The levels from which war springs have not yet been exhausted. The third is that of maya. When truly understood, all conflicts and wars are also seen to be a part of the divine game. They are thus a result of the divine will, which finds expression in the world of manifestation, through the medium of maya—the cosmic power that causes the illusory world of duality to appear as real.
The purpose served by maya is twofold: (1) it can be instrumental in trapping the mind in the duality of illusion, and (2) it can also be instrumental in freeing the mind from the grip of spiritual ignorance and bondage. Maya should not be ignored; it must be handled with detachment and understanding. Wars are the work of maya, and are either spiritually disastrous or beneficial depending on whether they are based on attachment to or detachment from the hold of maya.
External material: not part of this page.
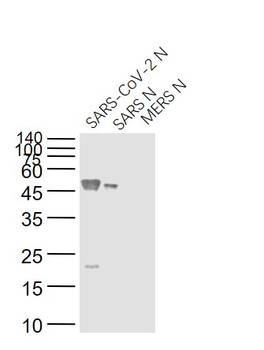 SARS-CoV Nucleocapsid Mouse Monoclonal Antibody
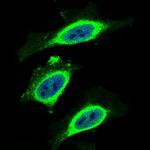 beta-2 Microglobulin Antibody in Immunocytochemistry (ICC/IF)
The final level from which the causes of war spring is no level at all, for it is a part of the divine plan of God to give to a hungry and weary world a fresh dispensation of the eternal and only truth. During war, great forces of destruction are afoot which at times might seem to be dominant. But constructive forces for the redemption of humanity are also released through various channels. Though the working of these latter forces is largely silent, eventually they are bound to bring about the transformations that will render safe and steady the further spiritual progress of humanity.
Regardless of the political and economic factors described by the historian as he looks at war in retrospect, from the spiritual point of view this sanguine phenomenon is a cyclic divine ferment over which no earthly power has control.
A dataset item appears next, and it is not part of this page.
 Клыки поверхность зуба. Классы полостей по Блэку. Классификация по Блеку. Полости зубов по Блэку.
There are always two aspects of Divinity that are eternally active in the affairs of the world. In Persian, the destructive aspect of divinity is termed "self-glorification", and the constructive aspect "self-beatitude". When the "self-glorification" aspect of God dominates, there is destruction and suffering on a colossal scale, as in the last world war. The aspect of "divine beatitude" on the other hand brings peace and plenty. These are usually the golden ages of civilization.
During the phase of "self-glorification", Divinity repels Itself, so to speak, through Its own creation, while in the phase of "self-beatitude" Divinity attracts or loves Itself through Its own creation. The former is a negative method, the latter positive. Both must be regarded ultimately as instruments of divine wisdom to rouse humanity to its divine heritage of self-realization. When the individual or the race is about to lapse into bestiality, it is suffering that rehabilitates them.
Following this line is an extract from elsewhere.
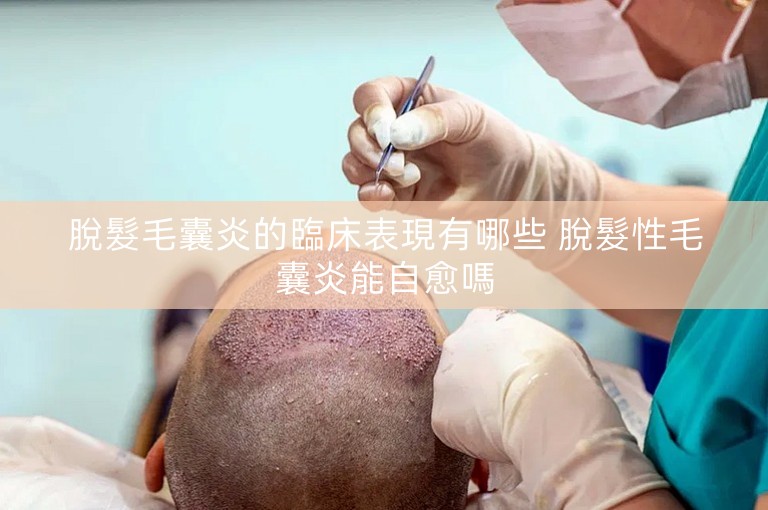 脫髮毛囊炎的臨床表現有哪些 脫髮性毛囊炎能自愈嗎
Origins and Effects of War
by Meher Baba
Part 2
Just as the recent world (war) catastrophe overwhelmed the innocent as well as the guilty, so in the approaching "self-beatitude" phase the undeserving as well as the deserving will have equal chance of receiving divine grace provided they are awake to the situation, so full and unique a cyclic dispensation it will be.
Ethics in time of war can only be judged by the degree to which they reflect the divine plan. In war there are two kinds of forces operative: (1) those which make for love, justice, harmony and the well-being of all mankind, and (2) those which work in alliance with narrow racial and national loyalties towards the selfish exploitation of others. Nevertheless, although the last great war brought great suffering and destruction upon millions of people, it was not in vain, for out of its chaos there will emerge a new world of freedom, happiness and understanding.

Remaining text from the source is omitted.